Google+ Writing Circle Project
Genre: Steampunk, Fantasy, Middle Reader
Heaven Bound Bob squeezed, once, experimentally. The big wings flapped, slamming the burning platform with a gust of warm air.
“Hit works, Charlie!” Bob yelped with glee.
Charlie struggled with his harness. Ollie was to have been the co-pilot, so he knew very well how to strap himself in. It was new to Charlie, but the clockwork boy was figuring it out. Good thing old Pondicherry made his unnatural son a quick study.
“Hold on!” Ollie yelled. He muttered some of his mumbo jumbo. Bamf! Bob smelled the sulphurous stink, and then Ollie was gone and in his place was a long brown snake. Charlie snapped shut the last buckle and bent to scoop up the Herpetomancer. Ollie, the snake, wrapped himself around Charlie’s coppery neck and shoulders like a scarf.
“‘Ere we go!” Bob yelled.
Whitehall yawned at Bob’s feet. The top of the Halls of Parliament looked like a jagged saw blade, and Big Ben looked like a bayonet or a Zulu spear. Bob hesitated. The wings’ll work, Bob thought, they’ll work.
Bob crouched to jump, but stalled.
Now it was more than just Bob’s life at stake.

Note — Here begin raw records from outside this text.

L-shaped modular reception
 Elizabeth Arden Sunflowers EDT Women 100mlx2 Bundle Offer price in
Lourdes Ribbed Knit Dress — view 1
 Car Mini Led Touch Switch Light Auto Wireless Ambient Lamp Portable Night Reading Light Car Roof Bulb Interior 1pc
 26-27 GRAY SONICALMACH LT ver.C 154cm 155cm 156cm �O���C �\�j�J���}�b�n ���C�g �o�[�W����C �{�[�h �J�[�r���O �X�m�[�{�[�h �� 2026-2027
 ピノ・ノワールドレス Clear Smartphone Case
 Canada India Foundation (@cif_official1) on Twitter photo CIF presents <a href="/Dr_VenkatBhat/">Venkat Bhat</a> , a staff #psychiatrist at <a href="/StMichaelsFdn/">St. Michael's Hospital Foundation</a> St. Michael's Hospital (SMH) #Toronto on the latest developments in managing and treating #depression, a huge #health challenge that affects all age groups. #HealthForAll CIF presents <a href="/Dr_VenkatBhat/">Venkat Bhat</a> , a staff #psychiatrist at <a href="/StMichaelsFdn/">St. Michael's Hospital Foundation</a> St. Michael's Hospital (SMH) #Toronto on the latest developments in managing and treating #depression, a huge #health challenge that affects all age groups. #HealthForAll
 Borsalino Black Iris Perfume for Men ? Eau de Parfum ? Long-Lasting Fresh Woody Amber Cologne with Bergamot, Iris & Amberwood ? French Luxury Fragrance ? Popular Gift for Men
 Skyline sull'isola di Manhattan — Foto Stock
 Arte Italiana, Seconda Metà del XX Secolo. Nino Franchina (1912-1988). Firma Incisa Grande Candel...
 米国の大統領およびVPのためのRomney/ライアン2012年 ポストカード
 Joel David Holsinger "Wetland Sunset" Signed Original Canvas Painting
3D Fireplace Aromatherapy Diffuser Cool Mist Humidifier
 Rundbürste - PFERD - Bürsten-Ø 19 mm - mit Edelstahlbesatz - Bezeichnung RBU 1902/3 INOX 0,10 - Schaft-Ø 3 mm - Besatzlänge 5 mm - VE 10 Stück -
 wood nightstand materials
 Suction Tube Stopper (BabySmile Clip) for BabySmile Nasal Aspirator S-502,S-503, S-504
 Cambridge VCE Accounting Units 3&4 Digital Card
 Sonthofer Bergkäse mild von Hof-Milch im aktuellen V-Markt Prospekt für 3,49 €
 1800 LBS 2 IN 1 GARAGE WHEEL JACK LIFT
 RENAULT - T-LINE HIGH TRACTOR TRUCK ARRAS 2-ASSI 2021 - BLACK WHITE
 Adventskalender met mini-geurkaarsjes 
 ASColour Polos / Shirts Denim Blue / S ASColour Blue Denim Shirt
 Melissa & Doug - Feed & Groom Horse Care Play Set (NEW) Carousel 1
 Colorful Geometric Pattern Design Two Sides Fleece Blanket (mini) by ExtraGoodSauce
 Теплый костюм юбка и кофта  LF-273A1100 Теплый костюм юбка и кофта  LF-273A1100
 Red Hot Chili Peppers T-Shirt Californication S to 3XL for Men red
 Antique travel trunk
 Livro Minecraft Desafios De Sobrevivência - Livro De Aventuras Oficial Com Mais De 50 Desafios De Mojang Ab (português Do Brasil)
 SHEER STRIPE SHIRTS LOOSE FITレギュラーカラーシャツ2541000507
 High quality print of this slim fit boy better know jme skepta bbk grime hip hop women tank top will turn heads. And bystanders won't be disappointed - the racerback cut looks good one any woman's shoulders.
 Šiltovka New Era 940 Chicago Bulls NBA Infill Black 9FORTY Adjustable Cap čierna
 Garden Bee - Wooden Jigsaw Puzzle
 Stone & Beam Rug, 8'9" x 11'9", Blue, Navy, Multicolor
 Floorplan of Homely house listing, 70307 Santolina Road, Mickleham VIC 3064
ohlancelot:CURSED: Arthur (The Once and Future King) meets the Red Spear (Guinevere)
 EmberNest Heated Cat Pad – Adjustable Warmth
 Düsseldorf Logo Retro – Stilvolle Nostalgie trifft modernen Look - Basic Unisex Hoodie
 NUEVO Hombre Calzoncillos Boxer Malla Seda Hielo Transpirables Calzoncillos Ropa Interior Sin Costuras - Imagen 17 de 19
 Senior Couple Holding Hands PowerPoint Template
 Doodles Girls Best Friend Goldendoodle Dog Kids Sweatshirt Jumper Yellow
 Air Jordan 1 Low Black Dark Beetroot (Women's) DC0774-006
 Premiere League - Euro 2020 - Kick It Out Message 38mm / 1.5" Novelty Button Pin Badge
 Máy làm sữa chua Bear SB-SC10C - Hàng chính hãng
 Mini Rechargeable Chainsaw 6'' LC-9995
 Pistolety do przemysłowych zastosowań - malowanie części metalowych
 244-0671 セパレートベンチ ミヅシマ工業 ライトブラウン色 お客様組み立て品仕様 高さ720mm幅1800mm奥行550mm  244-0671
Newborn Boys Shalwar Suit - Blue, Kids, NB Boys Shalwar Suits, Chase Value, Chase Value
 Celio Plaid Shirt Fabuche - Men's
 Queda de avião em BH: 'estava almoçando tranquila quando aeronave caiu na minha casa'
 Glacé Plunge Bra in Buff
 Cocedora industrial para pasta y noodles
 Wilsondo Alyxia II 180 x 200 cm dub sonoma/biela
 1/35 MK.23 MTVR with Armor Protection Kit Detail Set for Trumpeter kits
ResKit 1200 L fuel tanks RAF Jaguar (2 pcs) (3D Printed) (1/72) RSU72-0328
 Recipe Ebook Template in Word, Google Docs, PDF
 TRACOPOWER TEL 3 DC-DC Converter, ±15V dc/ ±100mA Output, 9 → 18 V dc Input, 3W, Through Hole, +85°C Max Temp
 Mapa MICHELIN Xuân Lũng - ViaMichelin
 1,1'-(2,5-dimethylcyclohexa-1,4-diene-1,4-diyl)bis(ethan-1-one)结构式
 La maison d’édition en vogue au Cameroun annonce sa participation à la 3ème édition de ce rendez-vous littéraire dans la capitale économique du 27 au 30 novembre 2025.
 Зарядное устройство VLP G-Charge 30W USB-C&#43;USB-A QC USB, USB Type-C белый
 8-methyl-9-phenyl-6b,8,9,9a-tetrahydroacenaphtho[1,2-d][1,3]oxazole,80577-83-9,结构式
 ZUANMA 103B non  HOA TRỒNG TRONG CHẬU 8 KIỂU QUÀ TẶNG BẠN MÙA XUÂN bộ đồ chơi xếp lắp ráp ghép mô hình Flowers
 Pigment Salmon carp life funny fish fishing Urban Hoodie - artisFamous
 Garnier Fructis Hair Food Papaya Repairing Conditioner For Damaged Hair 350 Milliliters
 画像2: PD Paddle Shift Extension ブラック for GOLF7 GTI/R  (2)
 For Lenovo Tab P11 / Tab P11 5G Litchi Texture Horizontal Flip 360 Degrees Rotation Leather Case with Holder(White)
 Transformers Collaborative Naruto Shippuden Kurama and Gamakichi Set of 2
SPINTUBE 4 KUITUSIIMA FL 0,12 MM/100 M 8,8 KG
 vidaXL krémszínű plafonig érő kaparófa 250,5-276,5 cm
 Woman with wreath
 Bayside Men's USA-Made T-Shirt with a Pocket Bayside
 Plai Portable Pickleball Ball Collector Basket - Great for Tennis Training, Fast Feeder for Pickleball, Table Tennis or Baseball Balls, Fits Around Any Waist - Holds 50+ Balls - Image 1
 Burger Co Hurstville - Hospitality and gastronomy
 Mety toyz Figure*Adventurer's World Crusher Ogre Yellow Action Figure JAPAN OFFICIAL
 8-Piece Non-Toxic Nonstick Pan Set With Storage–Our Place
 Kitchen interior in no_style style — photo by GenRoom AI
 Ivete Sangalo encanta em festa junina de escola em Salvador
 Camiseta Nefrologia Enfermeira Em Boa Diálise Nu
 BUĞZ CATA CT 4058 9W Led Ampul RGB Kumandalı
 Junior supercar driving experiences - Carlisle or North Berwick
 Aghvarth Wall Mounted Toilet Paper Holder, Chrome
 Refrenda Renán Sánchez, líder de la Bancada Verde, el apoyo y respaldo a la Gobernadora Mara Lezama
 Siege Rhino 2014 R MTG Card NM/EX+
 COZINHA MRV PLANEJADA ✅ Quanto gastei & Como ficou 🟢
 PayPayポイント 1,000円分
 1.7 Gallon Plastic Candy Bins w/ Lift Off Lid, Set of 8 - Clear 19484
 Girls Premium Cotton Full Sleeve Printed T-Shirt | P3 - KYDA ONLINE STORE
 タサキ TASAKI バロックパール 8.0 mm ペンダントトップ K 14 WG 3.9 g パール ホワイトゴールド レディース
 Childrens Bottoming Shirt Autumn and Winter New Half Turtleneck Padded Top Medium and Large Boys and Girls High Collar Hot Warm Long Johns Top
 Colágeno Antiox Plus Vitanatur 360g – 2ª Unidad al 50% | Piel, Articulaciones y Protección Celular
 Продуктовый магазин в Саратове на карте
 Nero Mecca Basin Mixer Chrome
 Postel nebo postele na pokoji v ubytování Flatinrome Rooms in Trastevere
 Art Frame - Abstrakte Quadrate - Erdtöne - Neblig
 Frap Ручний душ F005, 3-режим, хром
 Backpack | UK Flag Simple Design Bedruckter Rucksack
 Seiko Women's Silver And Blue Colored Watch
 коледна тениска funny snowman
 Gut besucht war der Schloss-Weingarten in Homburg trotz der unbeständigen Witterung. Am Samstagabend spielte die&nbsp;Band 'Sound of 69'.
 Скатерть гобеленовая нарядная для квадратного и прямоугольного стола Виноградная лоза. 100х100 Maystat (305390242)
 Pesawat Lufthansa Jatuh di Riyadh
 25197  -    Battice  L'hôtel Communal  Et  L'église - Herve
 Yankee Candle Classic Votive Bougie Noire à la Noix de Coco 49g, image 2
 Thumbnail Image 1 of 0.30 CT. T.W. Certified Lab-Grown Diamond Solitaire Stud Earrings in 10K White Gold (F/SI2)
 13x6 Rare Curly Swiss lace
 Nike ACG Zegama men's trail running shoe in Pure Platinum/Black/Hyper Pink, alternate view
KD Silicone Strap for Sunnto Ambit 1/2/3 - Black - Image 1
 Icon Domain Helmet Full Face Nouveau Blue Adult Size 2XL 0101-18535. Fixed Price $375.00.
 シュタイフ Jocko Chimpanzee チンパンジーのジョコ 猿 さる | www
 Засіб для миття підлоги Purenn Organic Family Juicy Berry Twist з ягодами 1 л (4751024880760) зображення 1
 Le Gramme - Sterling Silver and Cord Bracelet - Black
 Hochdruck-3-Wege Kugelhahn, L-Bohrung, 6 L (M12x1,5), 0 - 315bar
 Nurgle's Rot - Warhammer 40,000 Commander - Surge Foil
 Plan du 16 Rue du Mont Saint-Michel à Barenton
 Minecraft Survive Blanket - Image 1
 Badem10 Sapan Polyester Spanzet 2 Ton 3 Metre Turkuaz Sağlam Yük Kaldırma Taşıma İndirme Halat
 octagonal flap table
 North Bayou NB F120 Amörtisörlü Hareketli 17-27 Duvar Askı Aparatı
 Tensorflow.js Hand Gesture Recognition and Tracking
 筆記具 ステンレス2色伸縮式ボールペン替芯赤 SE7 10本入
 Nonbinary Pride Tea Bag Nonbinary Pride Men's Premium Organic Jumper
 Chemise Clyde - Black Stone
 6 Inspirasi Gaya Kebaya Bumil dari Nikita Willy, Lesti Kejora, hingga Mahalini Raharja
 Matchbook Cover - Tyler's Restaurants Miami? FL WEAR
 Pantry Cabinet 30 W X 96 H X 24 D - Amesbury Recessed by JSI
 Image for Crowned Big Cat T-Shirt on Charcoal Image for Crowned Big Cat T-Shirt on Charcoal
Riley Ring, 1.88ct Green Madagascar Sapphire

Bob squinted through the shreds of fog and smoke below and spotted the Queen’s steam-carriage. It puffed across Waterloo Bridge, placid beneath the rotors and wings and hot air balloons of the Progress Flotilla. The Queen must see the fire that engulfed the London Eye, and the men mobilizing to fight it, but she couldn’t know of the wicked plans of the Iron Cog. She couldn’t know anything about Gearsmith the Kobold, or the loup garou, or her own mechanical doppelganger, en route to replace her.
Smoke wrapped around the wings. Bob coughed. They had to save the Queen, but Bob hesitated.
Charlie twisted in his harness and looked back. “Are you afraid the Articulated Gyroscopes won’t work?”
In answer, Bob grinned and flapped the wings again. “No such fing.” Bob was worried, though. Bob didn’t want to be a hero, didn’t want the publicity.
Bob inched forward. Charlie nearly dangled off into space. They hit the apex of their rotation and smoke engulfed them. Bob squinted through the smoke and tried to judge the timing. The Queen drove surrounded by cavalrymen. If I get there too soon, Bob thought, those lads’ll take me for the threat and shoot me dead on sight.
The soles of Bob’s boots were hot. Flames licked up and around the platform. Any longer, and the Flyer would combust.
Now or never.
Bob jumped, and threw the invention into gear.
In the rush of air and the speeding of earth below, Bob became free. The aeronaut forgot the threat to Crown and Country, forgot all the peril and the shooting and the injured shoulder. Bob became a bird.
One thing Bob didn’t forget, never forgot, couldn’t forget even in mid-air. One thing Bob wasn’t ready to reveal to anyone, including the Queen. The secret was so important, Bob would almost prefer not to save the Queen if it meant revelation and discovery.
Bob’s real name was Roberta. Roberta Alice Micklemuch. Heaven Bound Bob was a girl.